I think companies are still hiring, but more focused, unlike in 2021-2022 when they over-hired "just in case".
Welcome to my world.
In-company recruiters are often quite helpful and accommodating, but, as soon as one single tech person gets involved, the temperature drops 30 degrees.
Standalone recruiters send me these breathless emails, extolling my qualifications, but, as soon as they find out my age, they ghost me. I have actually had recruiters hang up on me, as soon as I told them my age. I learned to just mention that up front, to get the ghosting out of the way.
Apparently, they aren't very good at math. I list 30 years+ experience, yet they seem to think that I'm under 35.
After a while, I just gave up, and accepted that I'm retired.
It's not the money; it's the "culture." Many folks, much younger, and much more inexperienced, are paid more than I ever made, in my entire career. I would have gladly accepted less money than I had made before. I don't really need it. The work is what interests me.
We need an acceptable way to express this, without desperately extolling you'll take less money. I think a lot of us "old guys" are in the same boat; I don't need 150k, I'll take 100k if the work is interesting, and I'm more likely to be loyal to boot.
The funny thing, is that I've been told that "Old people are just cruising to retirement," but it's OK to establish your entire business infrastructure on the idea that your young, energetic, engineers will not remain at the company for more than 18 months.

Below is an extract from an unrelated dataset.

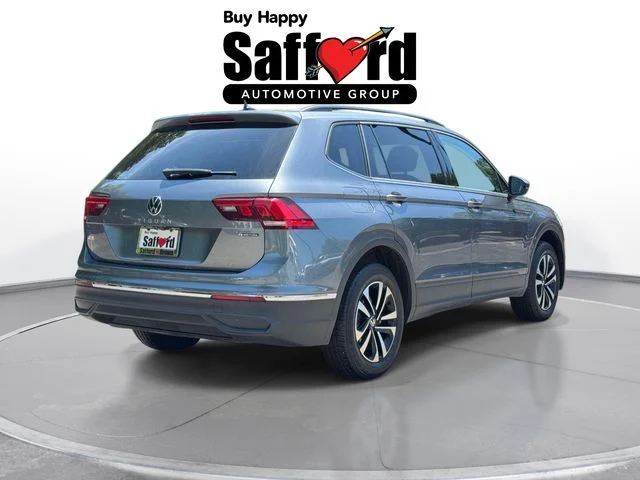 Used 2022 Gray Volkswagen 2.0T S image 9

That is just BS. In my company we have quite a few 50+ and it's nice to work with them. They add exactly what younger people can't.
Reality is: They need to squeeze every dollar as much as they can. If they could, they would never hire:
1. People with kids
2. Older than 33-35 (more often than not also 1)
3. Disabled
4. Often sick People (give me your history of sick leave, that kind of stuff)
5. Anything else I am missing?
Just freaking replaceable robots.
Yeah, it's a tough nut.
It's understandable that SV companies want ambitious strivers that move on every 2 years, for the same reason many of these CEOs consider the "job done" as soon as they get "an exit". The life of the company is measured in months.
But if you're building a company for the long term, you need smart, loyal people who build institutional knowlededge within the company. This isn't something you can fast track, I don't care if you're the brightest MIT AI grad.
You need both.
It's probably not even legal to ask in some jurisdictions.
They just start saying "Hello?, Hello?, Are you there?," etc. It's a convenient way to hang up on people.
Things like age, gender, and ethnic group are harder because you can't always conceal that. Still, "don't ask, don't tell" during the hiring process seems like the best option here.
Also, don't be above lying about your age.
I don't lie; especially in my profession. It's a thing. I know that personal Integrity is considered a "quaint anachronism," in today's world, but I won't compromise on that.
I'm not disagreeing with you per se, but the tech economy seems much worse recently and I don't think I'm suddenly worse, stale, or less productive.